What are the different ways available to analyze stocks?



What are the different ways available to analyze different stocks?

Investors usually invest in a stock after prior analysis of its profitability. There are some universal ways available which the investor follows. Here is a list of the same.


  • Fundamental Analysis: This would include an in-depth lookout in a company's financial statements(typically balance sheet, profit and loss account, and cash flow). Also if an investor wants to know about future plans of the company he may look into the management report mentioned in the annual report of the company. Another parameter would be to do ratio analysis for the company using the data provided in the annual report. For eg. Debt to Equity Ratio, Return on Assets, Debtors and Creditors Turnover Ratio, and the Inventory Turnover Ratio. 
  • Technical analysis: Technical analysis includes looking at the historical performance of the various stocks and analyzing some trends and patterns. The major focus is placed on the demand and supply of the stock  A little emphasis is placed on the value of a firm. Some examples are candlestick charts, moving average charts, etc.
  • P/E Ratio: This ratio is calculated by dividing the market value of the stock per share with the earnings per share. A lower ratio would show that there are more chances of growth for the firm. A higher ratio would show that the company's share price is quite saturated with little scope of high growth as compared to other competitors in the industry. 

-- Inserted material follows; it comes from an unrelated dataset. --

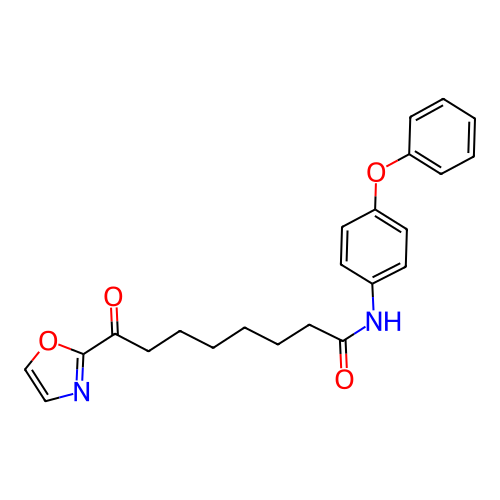 Chemical structure of BindingDB Monomer ID 50222371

  • Earnings per share: The higher the EPS of a firm the higher is the value of its shares. Usually, investors prefer to invest in a stock which has increasing earnings per share. This would show that the day to day operations of the firm are carried out in an efficient manner and therefore a good amount of profits are being passed to the investors. 
  • PEG Ratio: This ratio is calculated by dividing the P/E Ratio by the 12-month growth rate of the firm. Stocks with a PEG ratio of less than 1 are usually preferred by the investors. This way you can calculate the future growth of a firm with the help of historical growth rates. This makes the investor more confident in predicting the future value of a stock. 

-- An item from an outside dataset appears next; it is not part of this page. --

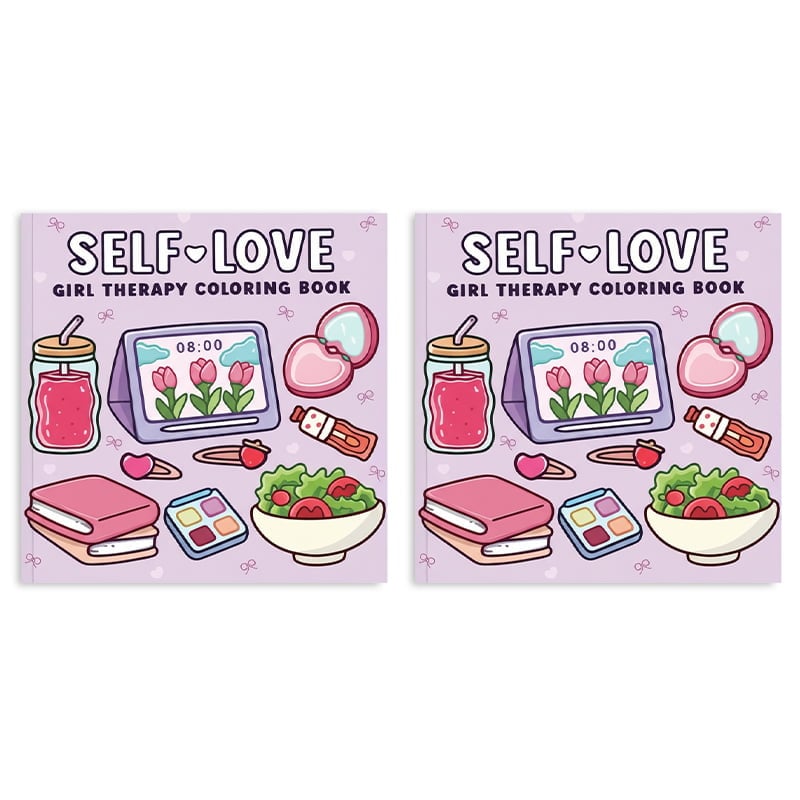 Educational Doodle Book for Early Learners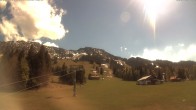 Archiv Foto Webcam Oberjoch - Blick zum Iseler 13:00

  • Book Value: The price to book ratio is another important ratio that the investors use. This ratio helps you to find high growth companies that are potentially undervalued at the moment. This ratio is calculated by dividing the market value of a company's stock by the book value of equity. The book value of equity is simply the difference between the book value of assets and liabilities. The lower the ratio the better is the prospect for the company to achieve high growth than other competitors in the industry. 
  • Return on Equity: Return on Equity is calculated by dividing the net profit by the shareholder's equity.  A higher ratio would typically mean that the firm is able to generate profits on a regular basis. A stock with an increasing ROE is considered to be good for investing. Keep in mind that the ROE may be negative as well for loss-making firms. Investing in the stocks of these firms may lead to substantial depletion in your corpus amount. 
  • Analyst Recommendations: An investor who is not well qualified to perform the above analysis may opt to follow analyst recommendations. Analysts usually carry out extensive research and technical analysis and subsequently give buy and sell instructions. For eg. The trade setup for every trading day in money control contains buy and sell instructions. Almost all finance newspapers like the economic times contain buy and sell strategies for optimum growth in the investor's portfolio.